Records contained in a dataset
Segment Open

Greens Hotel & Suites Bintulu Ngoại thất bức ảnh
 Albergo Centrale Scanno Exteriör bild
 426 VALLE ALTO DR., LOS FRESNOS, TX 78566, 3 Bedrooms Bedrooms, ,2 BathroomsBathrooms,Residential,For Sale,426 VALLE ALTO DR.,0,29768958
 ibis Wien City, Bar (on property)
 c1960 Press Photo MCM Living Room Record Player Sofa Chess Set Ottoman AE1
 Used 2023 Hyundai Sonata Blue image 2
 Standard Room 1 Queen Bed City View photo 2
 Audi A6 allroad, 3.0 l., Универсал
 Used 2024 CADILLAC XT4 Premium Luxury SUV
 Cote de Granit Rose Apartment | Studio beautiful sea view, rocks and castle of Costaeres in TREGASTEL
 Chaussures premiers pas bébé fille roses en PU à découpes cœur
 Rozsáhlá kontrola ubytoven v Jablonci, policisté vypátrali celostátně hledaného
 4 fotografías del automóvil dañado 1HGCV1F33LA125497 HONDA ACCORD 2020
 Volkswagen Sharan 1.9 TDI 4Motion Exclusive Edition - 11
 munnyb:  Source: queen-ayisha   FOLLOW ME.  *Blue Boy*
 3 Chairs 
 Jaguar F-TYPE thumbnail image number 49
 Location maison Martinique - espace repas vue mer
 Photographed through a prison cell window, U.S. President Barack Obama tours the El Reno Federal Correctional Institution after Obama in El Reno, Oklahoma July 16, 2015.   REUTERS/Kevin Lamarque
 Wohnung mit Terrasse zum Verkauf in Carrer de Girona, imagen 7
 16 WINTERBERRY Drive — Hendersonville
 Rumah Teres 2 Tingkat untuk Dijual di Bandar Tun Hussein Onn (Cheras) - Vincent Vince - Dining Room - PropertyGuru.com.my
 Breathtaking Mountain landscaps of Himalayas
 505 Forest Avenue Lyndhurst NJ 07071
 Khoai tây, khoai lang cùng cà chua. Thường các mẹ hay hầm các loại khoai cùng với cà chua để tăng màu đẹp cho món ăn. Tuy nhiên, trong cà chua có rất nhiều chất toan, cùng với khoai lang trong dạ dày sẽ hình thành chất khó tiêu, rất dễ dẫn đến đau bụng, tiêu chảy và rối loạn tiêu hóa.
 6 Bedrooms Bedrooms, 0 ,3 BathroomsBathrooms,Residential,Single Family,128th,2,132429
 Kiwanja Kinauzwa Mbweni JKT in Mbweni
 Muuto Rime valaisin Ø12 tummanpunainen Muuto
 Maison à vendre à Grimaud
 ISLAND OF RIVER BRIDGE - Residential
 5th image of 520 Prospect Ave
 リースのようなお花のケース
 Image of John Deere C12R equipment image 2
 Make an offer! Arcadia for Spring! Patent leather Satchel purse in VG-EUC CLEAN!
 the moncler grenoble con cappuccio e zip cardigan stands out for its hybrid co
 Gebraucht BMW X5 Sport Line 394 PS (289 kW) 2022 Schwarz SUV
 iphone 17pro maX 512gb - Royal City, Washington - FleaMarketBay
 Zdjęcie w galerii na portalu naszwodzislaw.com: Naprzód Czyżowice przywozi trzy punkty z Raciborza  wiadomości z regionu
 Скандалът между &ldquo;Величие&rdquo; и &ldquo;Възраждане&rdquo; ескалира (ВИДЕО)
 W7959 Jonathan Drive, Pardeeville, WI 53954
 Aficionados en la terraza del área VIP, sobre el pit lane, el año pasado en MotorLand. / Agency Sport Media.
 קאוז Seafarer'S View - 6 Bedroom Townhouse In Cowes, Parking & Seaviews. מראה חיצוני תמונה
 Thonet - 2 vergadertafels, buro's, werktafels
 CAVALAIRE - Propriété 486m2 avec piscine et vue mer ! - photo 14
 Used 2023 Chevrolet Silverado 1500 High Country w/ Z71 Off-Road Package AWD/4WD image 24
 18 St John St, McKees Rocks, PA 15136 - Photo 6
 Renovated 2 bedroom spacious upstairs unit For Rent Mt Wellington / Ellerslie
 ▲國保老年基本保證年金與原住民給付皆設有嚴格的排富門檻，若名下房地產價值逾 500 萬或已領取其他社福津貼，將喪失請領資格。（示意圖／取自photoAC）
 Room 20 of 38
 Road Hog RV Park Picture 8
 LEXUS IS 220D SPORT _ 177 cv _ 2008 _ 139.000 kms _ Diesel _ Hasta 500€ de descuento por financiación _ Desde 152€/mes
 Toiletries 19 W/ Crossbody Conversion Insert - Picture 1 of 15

Segment Closed

Task objective —
Return every record, word for word.

Task output —
Greens Hotel & Suites Bintulu Ngoại thất bức ảnh
 Albergo Centrale Scanno Exteriör bild
 426 VALLE ALTO DR., LOS FRESNOS, TX 78566, 3 Bedrooms Bedrooms, ,2 BathroomsBathrooms,Residential,For Sale,426 VALLE ALTO DR.,0,29768958
 ibis Wien City, Bar (on property)
 c1960 Press Photo MCM Living Room Record Player Sofa Chess Set Ottoman AE1
 Used 2023 Hyundai Sonata Blue image 2
 Standard Room 1 Queen Bed City View photo 2
 Audi A6 allroad, 3.0 l., Универсал
 Used 2024 CADILLAC XT4 Premium Luxury SUV
 Cote de Granit Rose Apartment | Studio beautiful sea view, rocks and castle of Costaeres in TREGASTEL
 Chaussures premiers pas bébé fille roses en PU à découpes cœur
 Rozsáhlá kontrola ubytoven v Jablonci, policisté vypátrali celostátně hledaného
 4 fotografías del automóvil dañado 1HGCV1F33LA125497 HONDA ACCORD 2020
 Volkswagen Sharan 1.9 TDI 4Motion Exclusive Edition - 11
 munnyb:  Source: queen-ayisha   FOLLOW ME.  *Blue Boy*
 3 Chairs 
 Jaguar F-TYPE thumbnail image number 49
 Location maison Martinique - espace repas vue mer
 Photographed through a prison cell window, U.S. President Barack Obama tours the El Reno Federal Correctional Institution after Obama in El Reno, Oklahoma July 16, 2015.   REUTERS/Kevin Lamarque
 Wohnung mit Terrasse zum Verkauf in Carrer de Girona, imagen 7
 16 WINTERBERRY Drive — Hendersonville
 Rumah Teres 2 Tingkat untuk Dijual di Bandar Tun Hussein Onn (Cheras) - Vincent Vince - Dining Room - PropertyGuru.com.my
 Breathtaking Mountain landscaps of Himalayas
 505 Forest Avenue Lyndhurst NJ 07071
 Khoai tây, khoai lang cùng cà chua. Thường các mẹ hay hầm các loại khoai cùng với cà chua để tăng màu đẹp cho món ăn. Tuy nhiên, trong cà chua có rất nhiều chất toan, cùng với khoai lang trong dạ dày sẽ hình thành chất khó tiêu, rất dễ dẫn đến đau bụng, tiêu chảy và rối loạn tiêu hóa.
 6 Bedrooms Bedrooms, 0 ,3 BathroomsBathrooms,Residential,Single Family,128th,2,132429
 Kiwanja Kinauzwa Mbweni JKT in Mbweni
 Muuto Rime valaisin Ø12 tummanpunainen Muuto
 Maison à vendre à Grimaud
 ISLAND OF RIVER BRIDGE - Residential
 5th image of 520 Prospect Ave
 リースのようなお花のケース
 Image of John Deere C12R equipment image 2
 Make an offer! Arcadia for Spring! Patent leather Satchel purse in VG-EUC CLEAN!
 the moncler grenoble con cappuccio e zip cardigan stands out for its hybrid co
 Gebraucht BMW X5 Sport Line 394 PS (289 kW) 2022 Schwarz SUV
 iphone 17pro maX 512gb - Royal City, Washington - FleaMarketBay
 Zdjęcie w galerii na portalu naszwodzislaw.com: Naprzód Czyżowice przywozi trzy punkty z Raciborza  wiadomości z regionu
 Скандалът между &ldquo;Величие&rdquo; и &ldquo;Възраждане&rdquo; ескалира (ВИДЕО)
 W7959 Jonathan Drive, Pardeeville, WI 53954
 Aficionados en la terraza del área VIP, sobre el pit lane, el año pasado en MotorLand. / Agency Sport Media.
 קאוז Seafarer'S View - 6 Bedroom Townhouse In Cowes, Parking & Seaviews. מראה חיצוני תמונה
 Thonet - 2 vergadertafels, buro's, werktafels
 CAVALAIRE - Propriété 486m2 avec piscine et vue mer ! - photo 14
 Used 2023 Chevrolet Silverado 1500 High Country w/ Z71 Off-Road Package AWD/4WD image 24
 18 St John St, McKees Rocks, PA 15136 - Photo 6
 Renovated 2 bedroom spacious upstairs unit For Rent Mt Wellington / Ellerslie
 ▲國保老年基本保證年金與原住民給付皆設有嚴格的排富門檻，若名下房地產價值逾 500 萬或已領取其他社福津貼，將喪失請領資格。（示意圖／取自photoAC）
 Room 20 of 38
 Road Hog RV Park Picture 8
 LEXUS IS 220D SPORT _ 177 cv _ 2008 _ 139.000 kms _ Diesel _ Hasta 500€ de descuento por financiación _ Desde 152€/mes
 Toiletries 19 W/ Crossbody Conversion Insert - Picture 1 of 15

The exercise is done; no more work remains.